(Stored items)
-- Opening Marker --

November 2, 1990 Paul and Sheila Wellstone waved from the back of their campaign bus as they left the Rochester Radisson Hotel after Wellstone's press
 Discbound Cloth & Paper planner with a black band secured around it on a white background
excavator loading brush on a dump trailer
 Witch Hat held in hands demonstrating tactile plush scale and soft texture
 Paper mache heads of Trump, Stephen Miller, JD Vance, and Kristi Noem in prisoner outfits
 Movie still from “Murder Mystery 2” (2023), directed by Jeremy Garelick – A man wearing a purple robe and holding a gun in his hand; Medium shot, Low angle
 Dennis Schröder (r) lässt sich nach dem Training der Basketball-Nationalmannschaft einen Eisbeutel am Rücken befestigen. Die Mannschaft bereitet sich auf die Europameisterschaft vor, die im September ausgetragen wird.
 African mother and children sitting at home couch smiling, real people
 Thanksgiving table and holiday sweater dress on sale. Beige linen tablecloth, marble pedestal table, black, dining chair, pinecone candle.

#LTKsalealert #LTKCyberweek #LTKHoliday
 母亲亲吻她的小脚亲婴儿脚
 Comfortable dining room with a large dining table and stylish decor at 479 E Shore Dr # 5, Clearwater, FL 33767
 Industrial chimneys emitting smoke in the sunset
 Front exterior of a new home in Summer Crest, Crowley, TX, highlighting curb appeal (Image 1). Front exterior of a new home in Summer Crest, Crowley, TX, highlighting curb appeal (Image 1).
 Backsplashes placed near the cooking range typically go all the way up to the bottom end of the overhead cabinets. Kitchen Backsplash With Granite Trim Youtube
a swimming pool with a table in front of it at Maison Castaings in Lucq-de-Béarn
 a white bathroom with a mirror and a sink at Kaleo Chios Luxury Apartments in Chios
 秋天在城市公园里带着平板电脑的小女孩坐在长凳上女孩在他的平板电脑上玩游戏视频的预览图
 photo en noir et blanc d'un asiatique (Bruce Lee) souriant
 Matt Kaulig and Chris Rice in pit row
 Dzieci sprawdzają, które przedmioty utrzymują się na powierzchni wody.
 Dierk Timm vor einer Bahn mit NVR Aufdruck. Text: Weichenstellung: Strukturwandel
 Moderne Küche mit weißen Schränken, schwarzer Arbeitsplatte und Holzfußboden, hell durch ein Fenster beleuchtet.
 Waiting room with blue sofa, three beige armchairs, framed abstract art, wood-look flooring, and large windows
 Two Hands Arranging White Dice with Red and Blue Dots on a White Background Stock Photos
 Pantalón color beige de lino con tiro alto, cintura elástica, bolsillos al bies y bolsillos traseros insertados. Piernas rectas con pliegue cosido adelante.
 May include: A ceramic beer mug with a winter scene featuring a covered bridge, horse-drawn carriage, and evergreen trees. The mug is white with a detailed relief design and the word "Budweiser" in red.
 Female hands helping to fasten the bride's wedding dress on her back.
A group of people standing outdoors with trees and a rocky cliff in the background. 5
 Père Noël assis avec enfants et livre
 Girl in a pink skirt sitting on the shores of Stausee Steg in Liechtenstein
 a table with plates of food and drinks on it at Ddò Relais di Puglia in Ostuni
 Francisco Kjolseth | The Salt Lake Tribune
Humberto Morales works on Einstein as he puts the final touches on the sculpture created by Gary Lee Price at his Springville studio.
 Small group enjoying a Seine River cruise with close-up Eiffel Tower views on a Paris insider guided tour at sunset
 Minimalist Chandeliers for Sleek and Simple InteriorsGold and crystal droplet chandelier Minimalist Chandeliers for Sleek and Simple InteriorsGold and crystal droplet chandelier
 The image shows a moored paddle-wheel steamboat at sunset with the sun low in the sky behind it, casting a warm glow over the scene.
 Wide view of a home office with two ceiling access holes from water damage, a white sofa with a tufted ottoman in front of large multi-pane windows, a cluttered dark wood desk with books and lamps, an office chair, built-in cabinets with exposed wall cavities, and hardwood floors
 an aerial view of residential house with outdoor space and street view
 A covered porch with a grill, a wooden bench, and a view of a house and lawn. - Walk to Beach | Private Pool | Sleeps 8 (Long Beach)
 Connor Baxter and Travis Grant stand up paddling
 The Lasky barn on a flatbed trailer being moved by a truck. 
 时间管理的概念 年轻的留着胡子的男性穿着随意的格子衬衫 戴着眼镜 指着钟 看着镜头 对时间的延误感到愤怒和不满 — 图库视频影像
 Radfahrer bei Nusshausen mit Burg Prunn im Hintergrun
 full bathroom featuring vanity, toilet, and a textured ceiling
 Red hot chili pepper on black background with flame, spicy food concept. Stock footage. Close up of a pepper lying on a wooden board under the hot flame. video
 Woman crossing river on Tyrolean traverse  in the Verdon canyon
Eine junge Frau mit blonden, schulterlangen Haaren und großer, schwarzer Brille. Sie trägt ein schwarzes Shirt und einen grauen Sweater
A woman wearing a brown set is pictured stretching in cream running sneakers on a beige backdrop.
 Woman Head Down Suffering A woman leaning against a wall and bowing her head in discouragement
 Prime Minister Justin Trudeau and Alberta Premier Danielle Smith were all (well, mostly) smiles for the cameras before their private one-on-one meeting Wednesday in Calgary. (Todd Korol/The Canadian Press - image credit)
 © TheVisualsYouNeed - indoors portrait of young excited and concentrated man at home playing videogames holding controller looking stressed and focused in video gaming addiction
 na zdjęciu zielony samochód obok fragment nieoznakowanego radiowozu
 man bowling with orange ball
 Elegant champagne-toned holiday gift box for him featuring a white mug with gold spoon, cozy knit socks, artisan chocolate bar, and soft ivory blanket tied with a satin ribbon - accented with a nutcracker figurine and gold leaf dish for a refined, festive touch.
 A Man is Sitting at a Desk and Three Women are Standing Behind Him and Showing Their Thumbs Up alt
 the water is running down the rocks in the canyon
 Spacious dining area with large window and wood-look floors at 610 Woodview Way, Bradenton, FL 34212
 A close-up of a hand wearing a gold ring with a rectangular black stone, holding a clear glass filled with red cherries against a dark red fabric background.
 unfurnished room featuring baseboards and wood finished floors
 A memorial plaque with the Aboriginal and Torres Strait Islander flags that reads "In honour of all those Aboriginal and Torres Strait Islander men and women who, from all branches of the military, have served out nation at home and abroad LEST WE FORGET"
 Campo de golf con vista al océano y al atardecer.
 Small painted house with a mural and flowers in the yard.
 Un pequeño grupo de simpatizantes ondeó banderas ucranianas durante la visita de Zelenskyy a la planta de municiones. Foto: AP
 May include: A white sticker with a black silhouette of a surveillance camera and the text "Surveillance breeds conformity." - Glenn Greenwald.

-- Closing Marker --

* _Activity_
Search the data for "windows". Copy every line that has it.

* _Written solution_
 Waiting room with blue sofa, three beige armchairs, framed abstract art, wood-look flooring, and large windows
 Wide view of a home office with two ceiling access holes from water damage, a white sofa with a tufted ottoman in front of large multi-pane windows, a cluttered dark wood desk with books and lamps, an office chair, built-in cabinets with exposed wall cavities, and hardwood floors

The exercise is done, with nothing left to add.